_What is being asked_
Could you repeat exactly the lines below, from the line containing "Moskova’da Platan Araştırma" through the last one, both included, while leaving out any pictures?

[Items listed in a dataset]
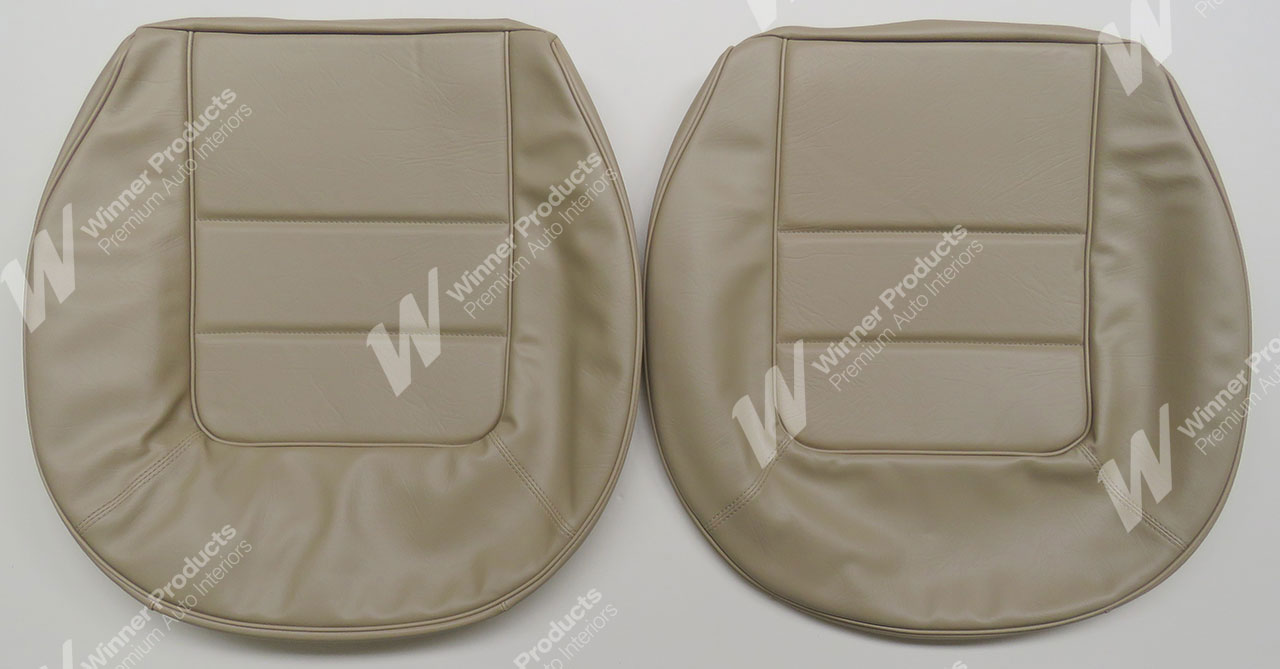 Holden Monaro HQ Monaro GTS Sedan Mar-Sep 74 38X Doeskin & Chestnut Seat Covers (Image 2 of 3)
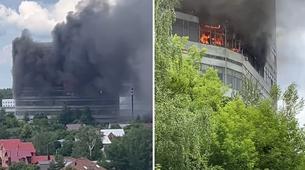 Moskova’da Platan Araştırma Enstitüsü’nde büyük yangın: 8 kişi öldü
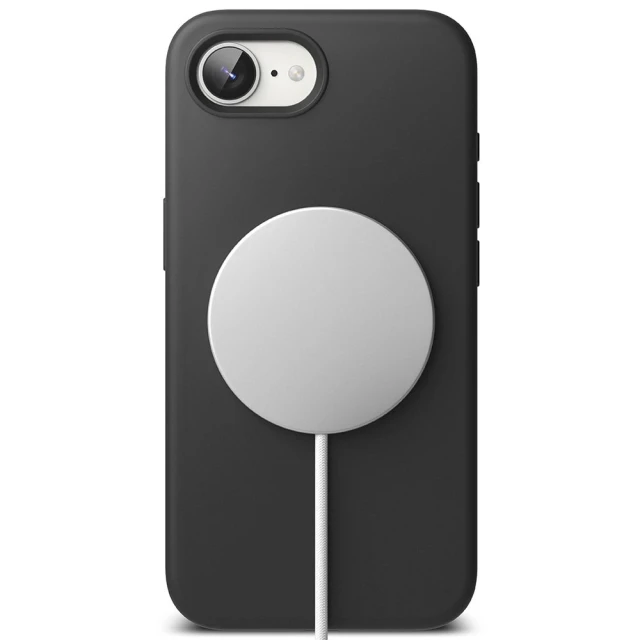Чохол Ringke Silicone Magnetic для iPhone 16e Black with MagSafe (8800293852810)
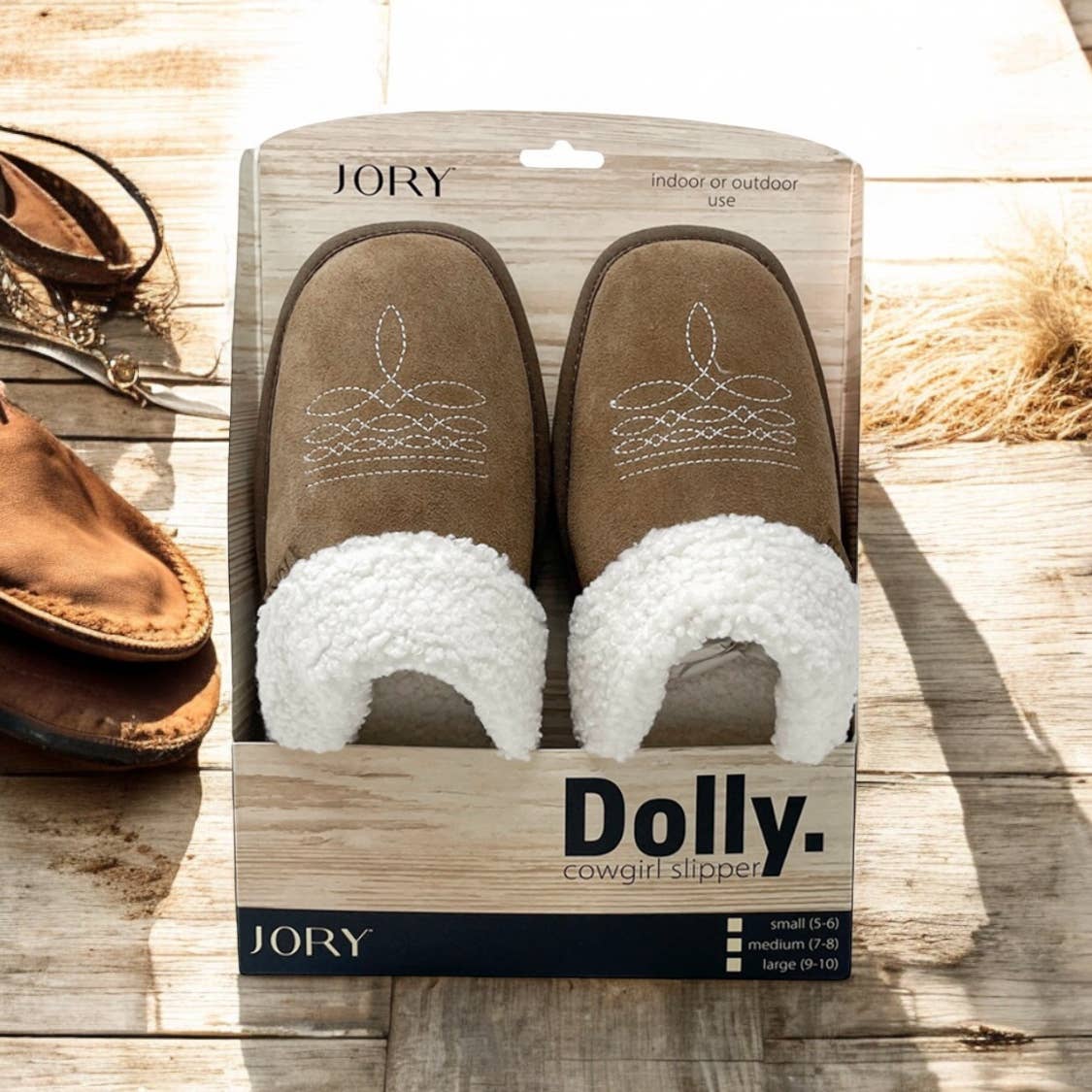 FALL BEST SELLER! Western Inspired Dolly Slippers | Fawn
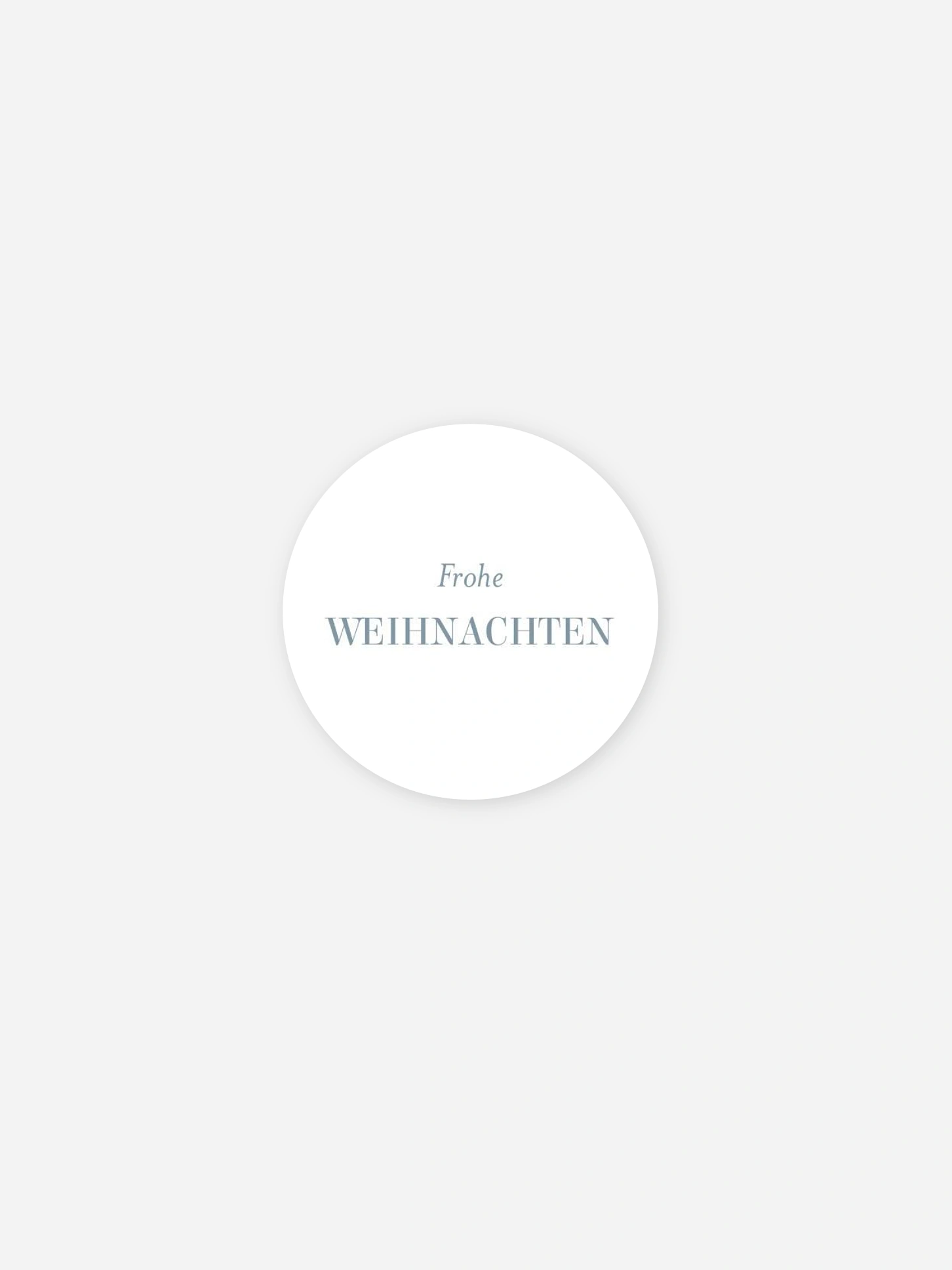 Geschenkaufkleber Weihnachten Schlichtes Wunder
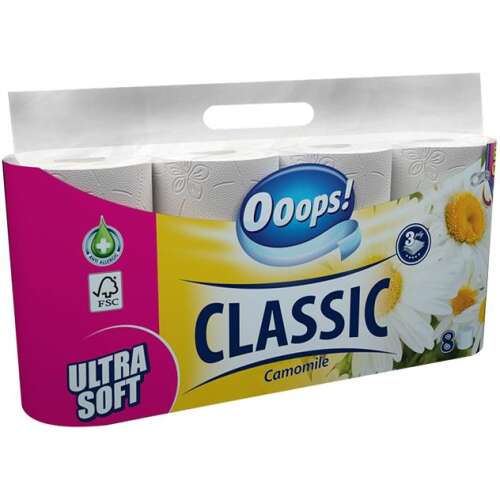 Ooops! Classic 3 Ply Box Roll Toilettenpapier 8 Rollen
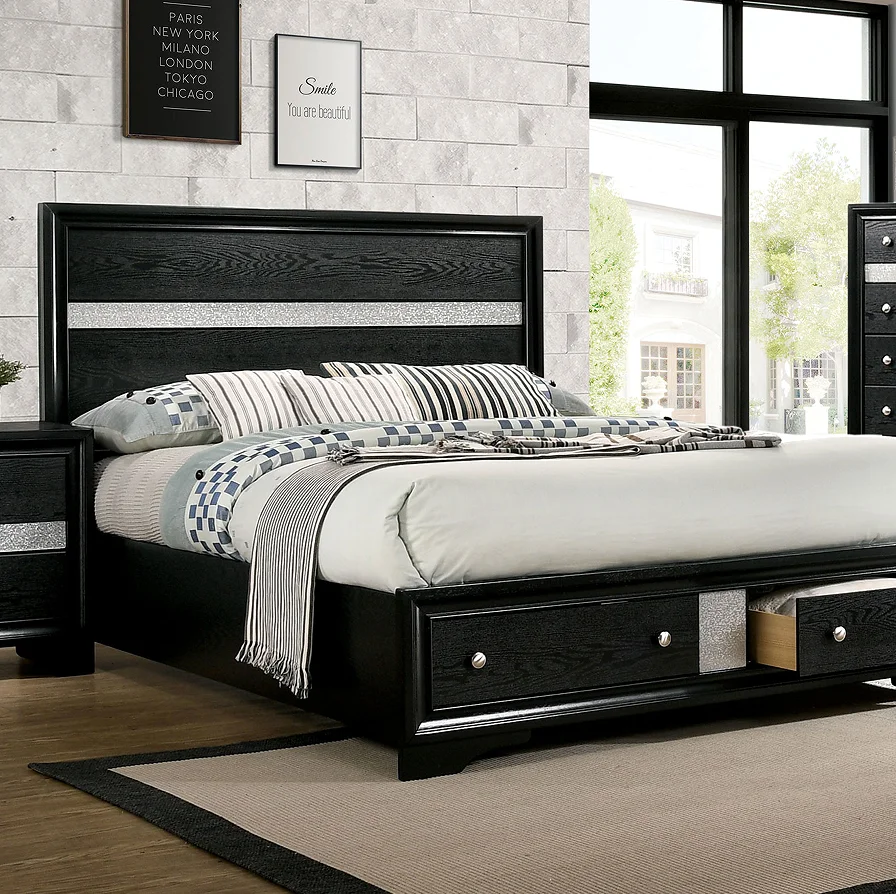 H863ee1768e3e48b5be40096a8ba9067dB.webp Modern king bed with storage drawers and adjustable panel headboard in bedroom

_Written answer_
 Moskova’da Platan Araştırma Enstitüsü’nde büyük yangın: 8 kişi öldü
Чохол Ringke Silicone Magnetic для iPhone 16e Black with MagSafe (8800293852810)
 FALL BEST SELLER! Western Inspired Dolly Slippers | Fawn
 Geschenkaufkleber Weihnachten Schlichtes Wunder
 Ooops! Classic 3 Ply Box Roll Toilettenpapier 8 Rollen
 H863ee1768e3e48b5be40096a8ba9067dB.webp Modern king bed with storage drawers and adjustable panel headboard in bedroom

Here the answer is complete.